The task:
What you return must be an exact copy of the lines in the listing below between the line holding "Beno | ライトジョーゼット" and the line holding "İYİ Parti Genel", inclusive, and nothing more.

*** Provided data ***

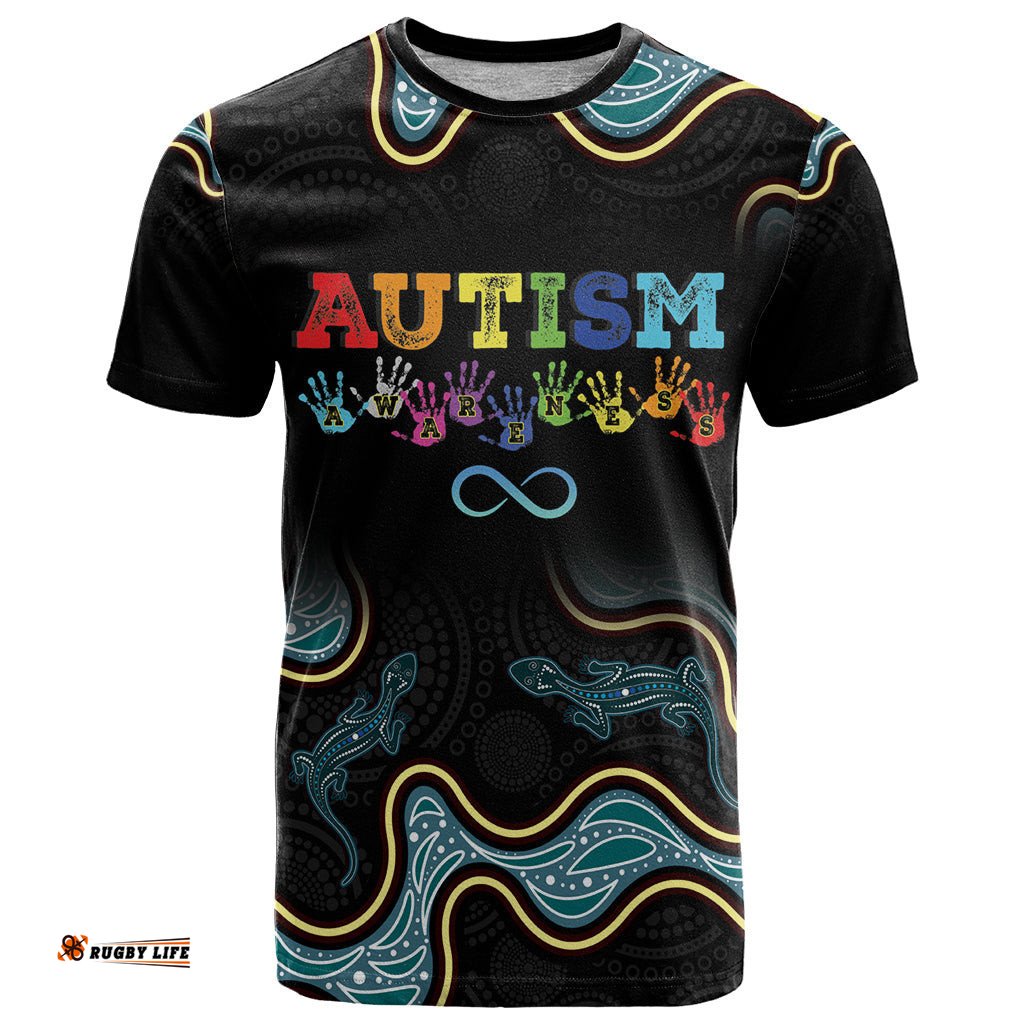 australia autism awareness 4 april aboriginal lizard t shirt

*** End of Provided data ***
*** Provided data ***

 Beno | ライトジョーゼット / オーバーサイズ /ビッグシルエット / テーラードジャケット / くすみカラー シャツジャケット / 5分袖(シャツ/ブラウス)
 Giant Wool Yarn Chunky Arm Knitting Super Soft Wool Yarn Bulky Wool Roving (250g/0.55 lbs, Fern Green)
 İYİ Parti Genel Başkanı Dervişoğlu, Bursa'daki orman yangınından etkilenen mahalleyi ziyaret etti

*** End of Provided data ***

Written solution:
 Beno | ライトジョーゼット / オーバーサイズ /ビッグシルエット / テーラードジャケット / くすみカラー シャツジャケット / 5分袖(シャツ/ブラウス)
 Giant Wool Yarn Chunky Arm Knitting Super Soft Wool Yarn Bulky Wool Roving (250g/0.55 lbs, Fern Green)
 İYİ Parti Genel Başkanı Dervişoğlu, Bursa'daki orman yangınından etkilenen mahalleyi ziyaret etti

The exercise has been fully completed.